Wko djifh, ex. #1: The Upper Left Corner: If A hates B's cooking, and B loves C's lasagna, and A is allergic to cheese, what wine should they serve?

20040519

terza rima

{Warning! Bad poetry ahoy!}

Now that you are dead, and though unreal
The basis of your time was your self.
The ring turns, its never ending wheel

Flows enjambment, who for yourself
Gives uneven leave to say, and fire in hand
To one watcher's soul, that itself

Could a tremulous contradiction stand.
Here, now, you are dead, thy soul, bereft,
To go where that higher plane of it demand.

And what of this empty thing that is left?
Should it decay, itself recycled then to feed
The other living things that behind is cleft

Between those that great sunlight need
And those that feed on dead and living things?
What then, those still alive shall still fade.

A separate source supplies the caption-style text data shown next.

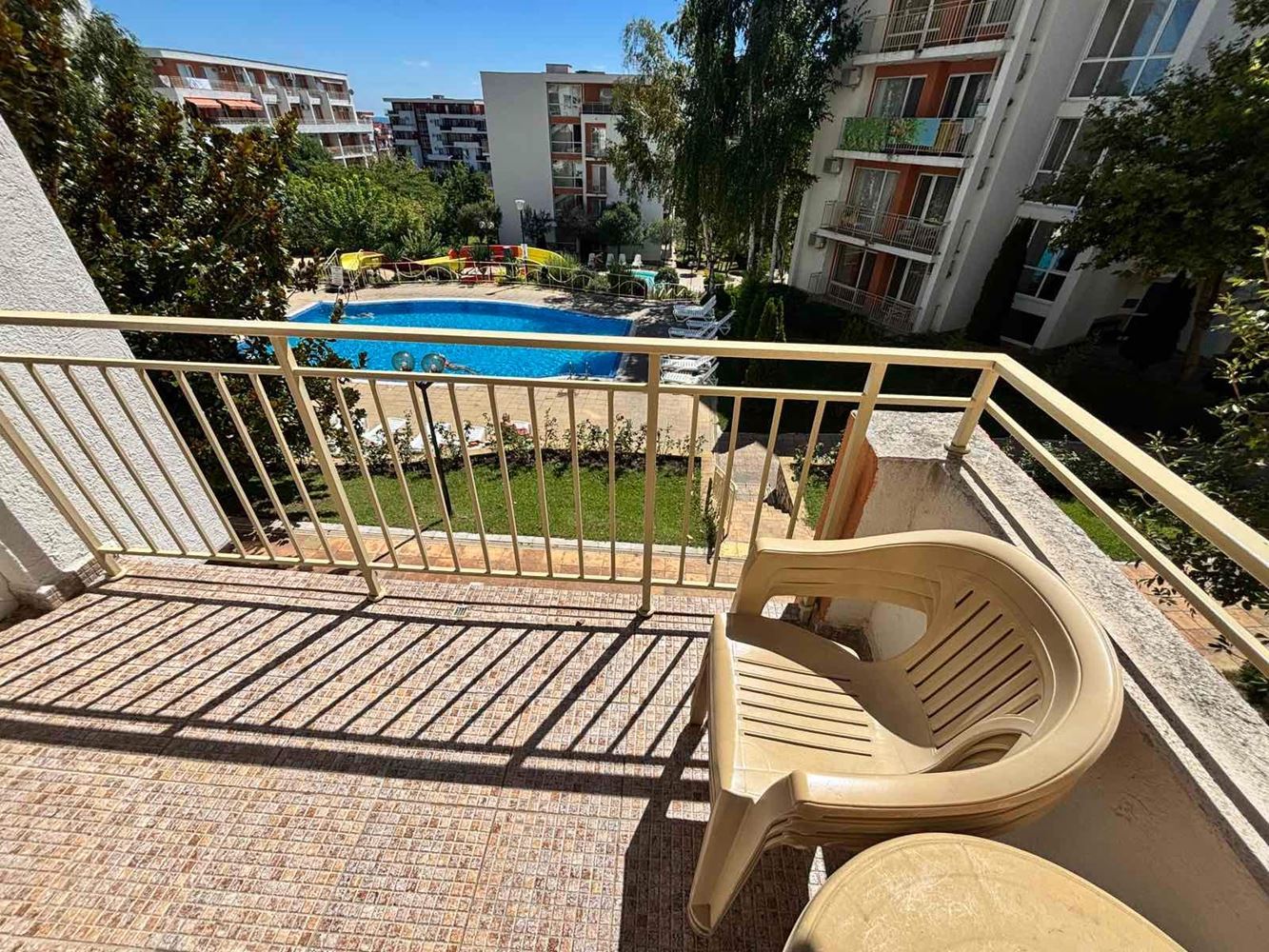 Wohnung mit wunderschönem Poolblick in Sveti Vlas – Ihr Ort für Erholung am Meer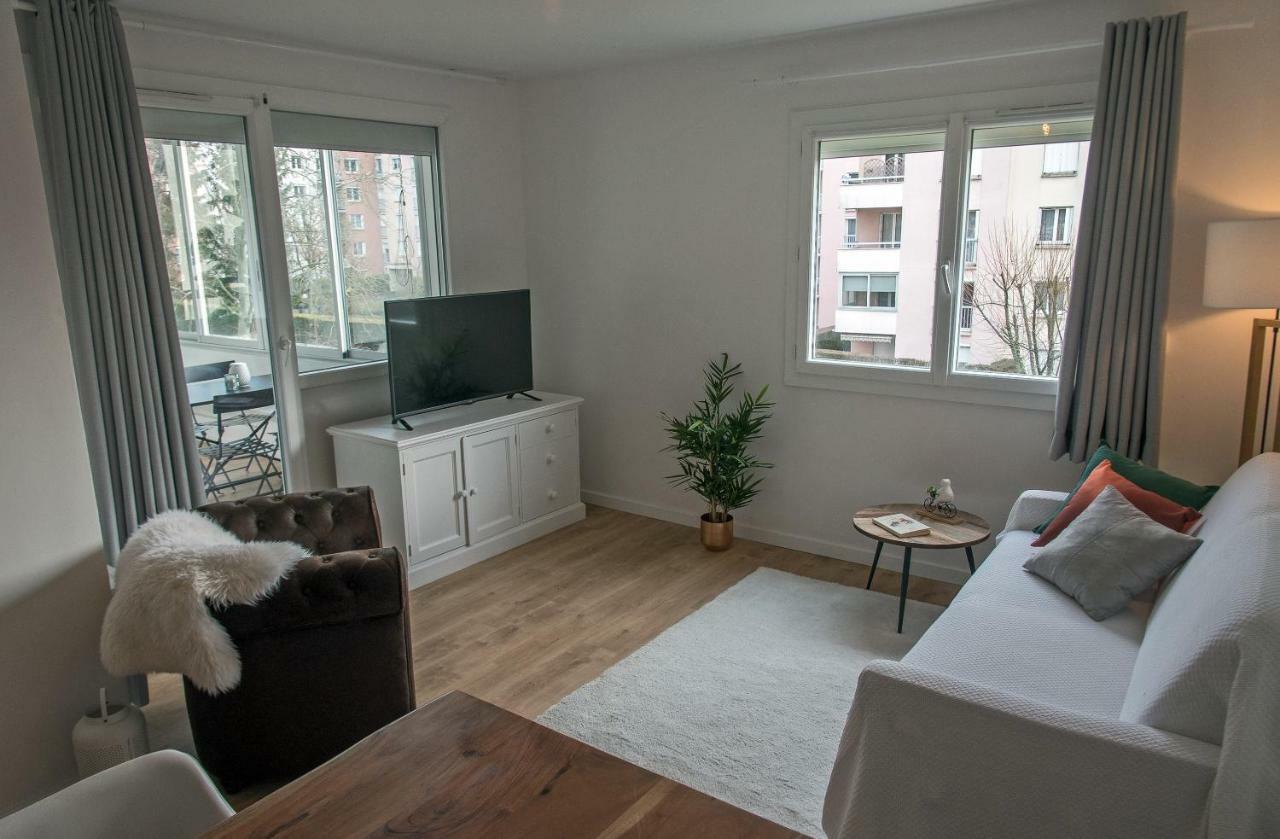 Au Rue De La Fleuriee Apartment Saint-Apollinaire  Екстериор снимка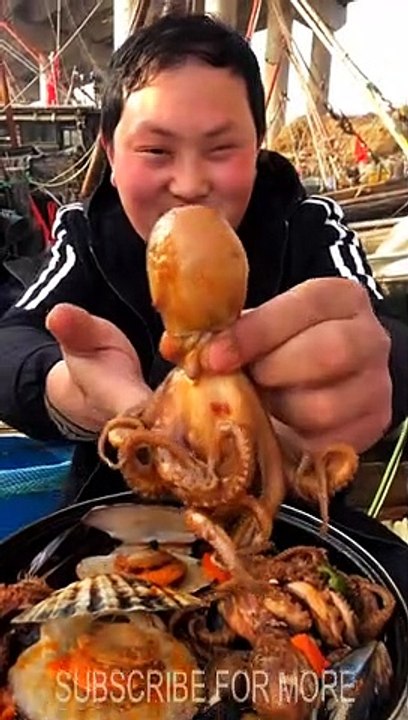 SPICY SEAFOOD | SQUID OCTOPUS SUPER NICE EATING |  أصوات الأخطبوط ال | #shorts #40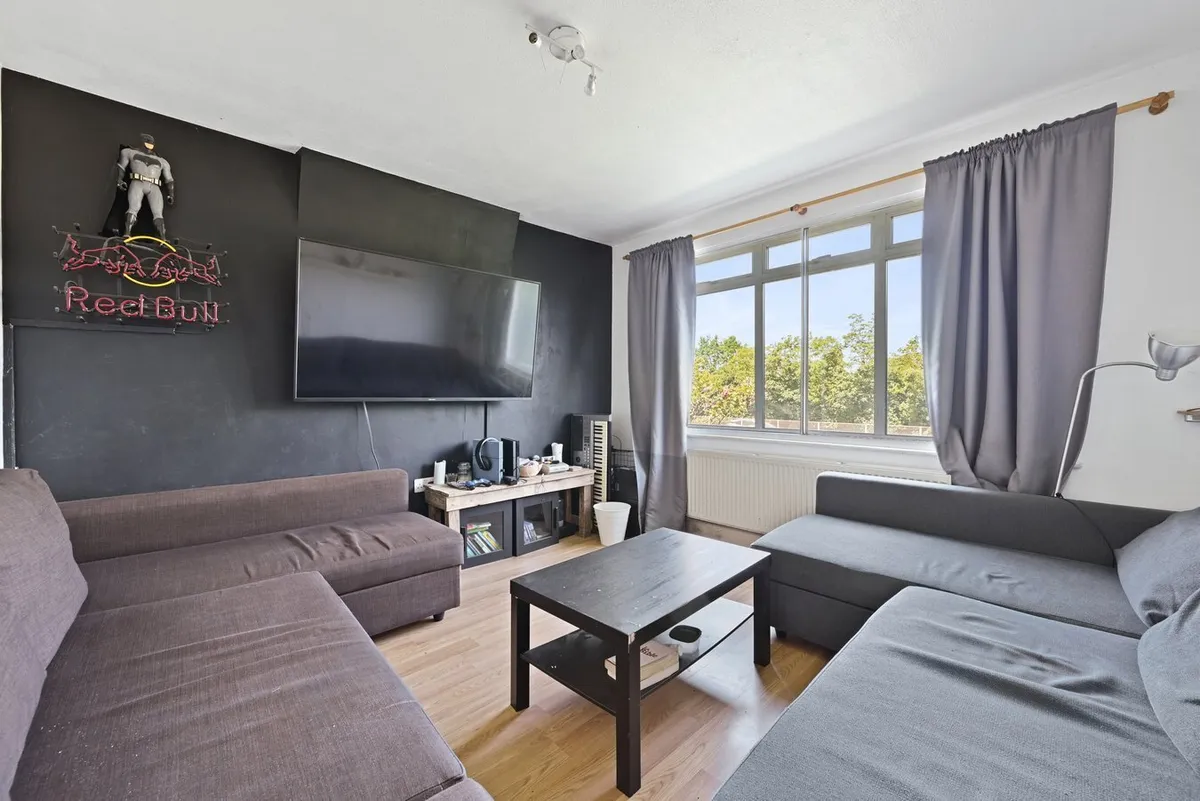 North Circular Road, London, NW2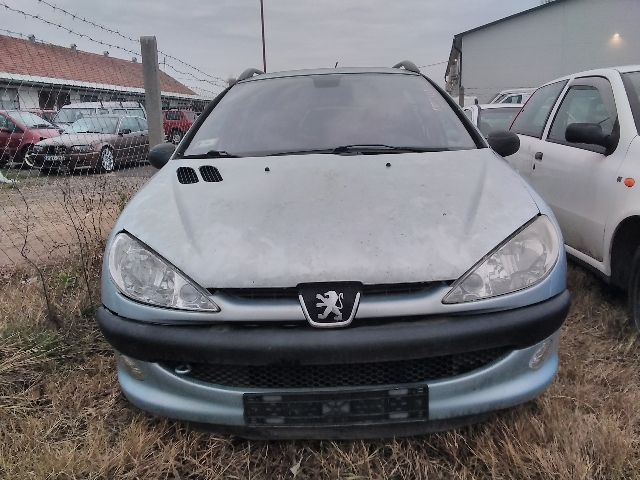 bontott PEUGEOT 206 Vízhűtő Radiátor (Klímás)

Cycle old, itself unending, simply brings
The interface of empire new but real,
Dark, light, old, new, circle, like little rings.

{Thanks for reading! You've really suffered, haven't you?}

[updated 2004 05 25, mispelling of terza rima, previously terzet rima.]

20040518

too many things to do

I have too many things to do in the next week, so bear with me that I don't publish as often.

English: Write double-entry, write essay.
Political Science: Create outline and thesis.
Sell t-shirts.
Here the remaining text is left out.